Here are two bits of advice: Do not go to Indonesia unless it is essential because you might get caught up in a bombing. Do not go to Indonesia because bombers are targeting your country.

The first applies to New Zealanders, the second to Australians. The Australian embassy in Jakarta has
been attacked. The New Zealand embassy is unlikely to be attacked unless as collateral.

Australians fear an attack at home. New Zealanders don't. If there is danger in this country, it is of an attack on American, Australian or British diplomats. Those countries invaded Iraq, New Zealand didn't.

That distinction between front line and collateral, however, is a fine one. New Zealanders are Western, subscribe to Western values and are intricately bound up with the American way of life.

It is those values and that way of life that the warped Islamic clerics and bombers demonise. No American is innocent in their eyes.
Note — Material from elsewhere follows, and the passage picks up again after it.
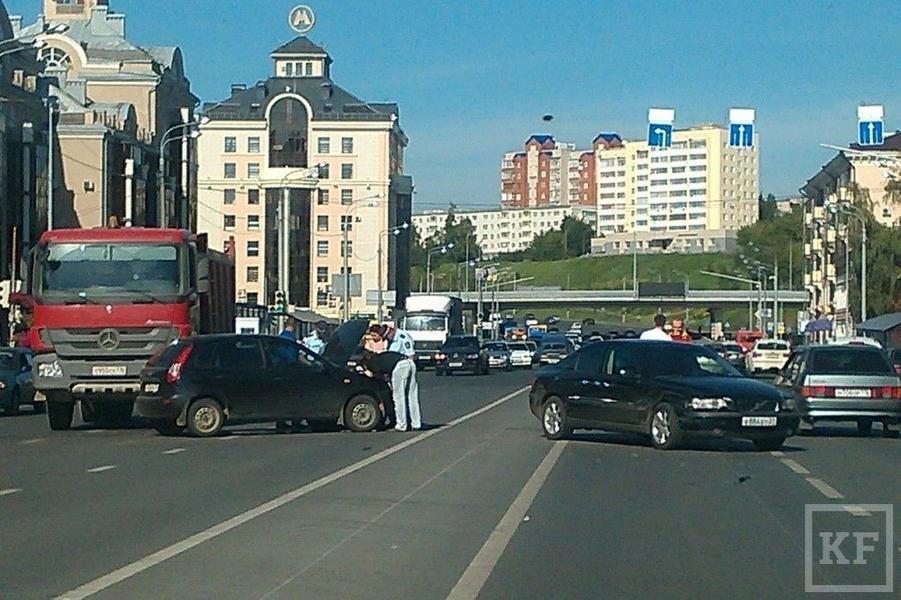 В Казани столкнулись три автомобиля [фото]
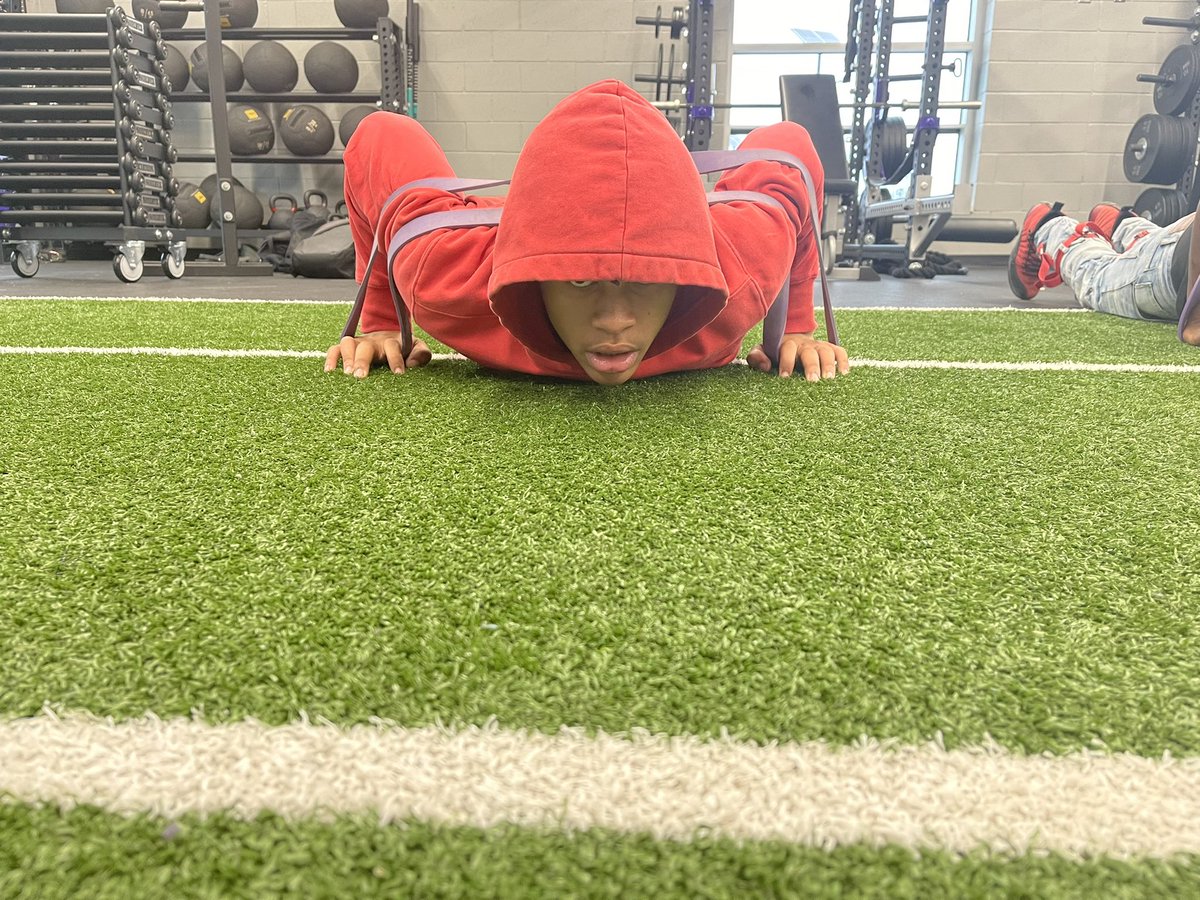 TheRVBaseball's tweet image. Out working the REST has become a habit! Focused with one goal, and one mission. Given nothing, earning EVERYTHING!!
Neither is any New Zealander.

People in hotspots learn to live with the remote possibility of being bombed, as I did when the Irish Republican Army (in part funded by Americans) was planting bombs in London. A lot of it goes on - humans have huge reservoirs of hate.

What is different now is that some Arabs drove planes into the Twin Towers in New York, and the United States went to war. The world may not have changed three years ago, as some claimed. But the US has changed, and it rules the world economy.

The essence of that change is in President George W. Bush's dictum in early 2002 that: "Moral truth is the same in every culture, in every time and in every place." He has set about defending and proselytising that moral truth.

Certainty of this sort in the minds of the wrong people has caused untold suffering. Hateful certitudes in the minds of the Islamic fanatics Bush is fighting are causing suffering now.

Bush talks of good battling evil in the manner of a Greek tragedy or Wagnerian epic. American commentator Samuel Huntington divined a "clash of civilisations". Norman Podhoretz, an American Jewish intellectual, has labelled it World War IV (World War III having been the cold war between the liberal democracies and the communist states).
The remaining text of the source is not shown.